Machine Learning in Cyber Security Domain - 3: Fraud Detection

Fraud is one of the ancient thing in human history. As there is always people who is fraudulent, there is also people who defrauded. The money e.g. credit cards are well-known targets for being targeted by fraudulent activities. With the development of e-marketing sector, the count of fraudulent activities are rising day by day. Users credit cards informations stored in some companies’ databases, such company types as banks, online shopping companies or online service providers. We witness a growing presence of frauds on online transactions with the widespread use of internet day by day. As a consequence of this, the need of automatic systems which able to detect and fight fraudster is emerged.

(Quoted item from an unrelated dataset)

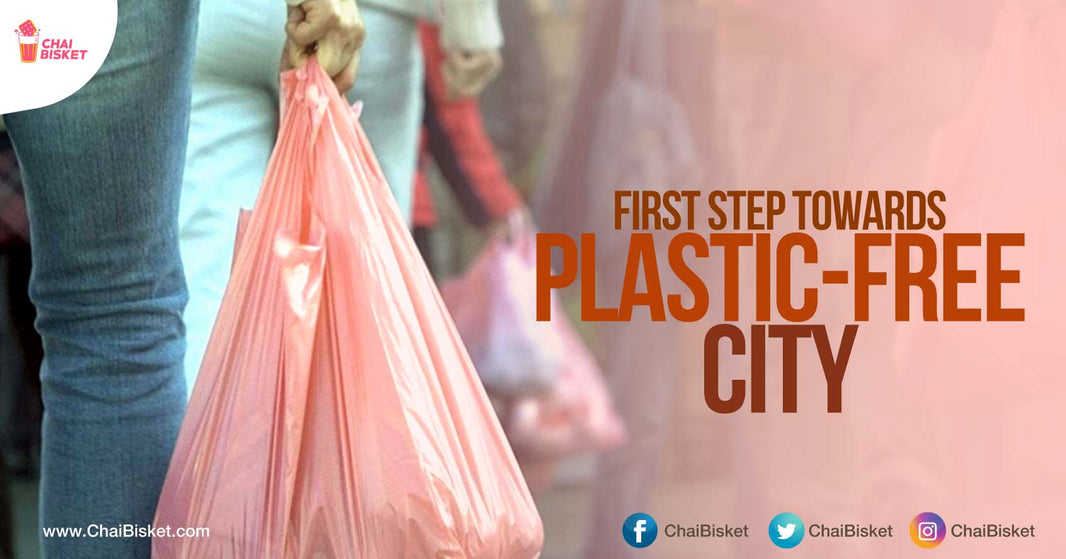 In A Never Before Move, T'gana Bans The Use Of Plastic In Municipal Offices Across The State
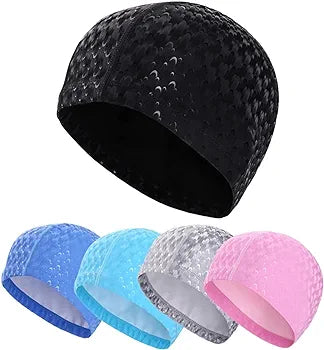 Sonecs Pu Shiny Swim Pace Cap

Fraud detection is notably a challenging problem because;
  • Fraud strategies change in time, as well as customers’ spending habits evolve.
  • Few examples of frauds available, so it is hard to create a model of fraudulent behaviour.
  • Not all frauds are reported or reported with large delay.
  • Few transactions can be timely investigated.
With the large number of transactions we witness everyday;
  • We can not ask human analyst to check every transactions one by one.
  • We wish to automatise to detection fraudulent transaction.
  • We want accurate prediction, i.e. minimise missed frauds and false alarms.
It can be overcome this bad situations with systems which developed with machine learning techniques. Systems can learn complex fraudulent pattern by examining the data in large volumes. And this systems can also create optimal model for fraudulent activities which has complex shapes. Thus, successful predict can be done for new type of fraud. And system can adopt itself to timely changing distribution (fraud evolution). However systems need enough samples to achieve successfully learning.
Basicly, user profile created for every user in the detection systems. This profile must be updated timely. When the system has trained with enough samples, systems has detailed information about users spending habits for monthly, weekly or daily. For example, suppose that while a student can spend $100 for a week, a businessman can spend $1000 for week. While a fraudulent activity with $400 spend at once has high fraud probability for student, similarly it has very low fraud probability for businessman. Of course, special days such as new year, birthday or weekends must be considered when creating algorithm for fraud detection, because students can also spend too much in these days. Generally, fraudulent does not know victim’s spending habits, because of that fraudulent activity has inappropriate matching to user profile presumably. But if fraudulent activity fits to user profile, it may be hard to detect.
In machine learning literature, fraud detection systems can be build with supervised, unsupervised or mixed approaches. Every type of approach has a little difference according to working logic. Approaches and their working logics given Figure below.
Screen Shot 2016-12-17 at 17.25.23.png

In supervised learning, using labeled historical fraud data to create user profile in the train phase . This type of approaches are similar to Signature Based IDS/IPS, so this type of approaches can detect fraudulent activities if they are well known, but new type of fraudulent activities can not detected by these systems. Systems which is trained with unsupervised algorithms can detect unknown fraudulent activities. This type of approaches are similar to Anomaly Based IDS/IPS, so although this type approaches can detect unknown fraudulent activities, in some cases they may not detect well known fraudulent activities.  To achieve the disadvantages of both techniques, mixed approaches are developed. In this type of approaches, supervised and unsupervised algorithms works together, so both well-known and unknown fraudulent activities can be detected efficiently.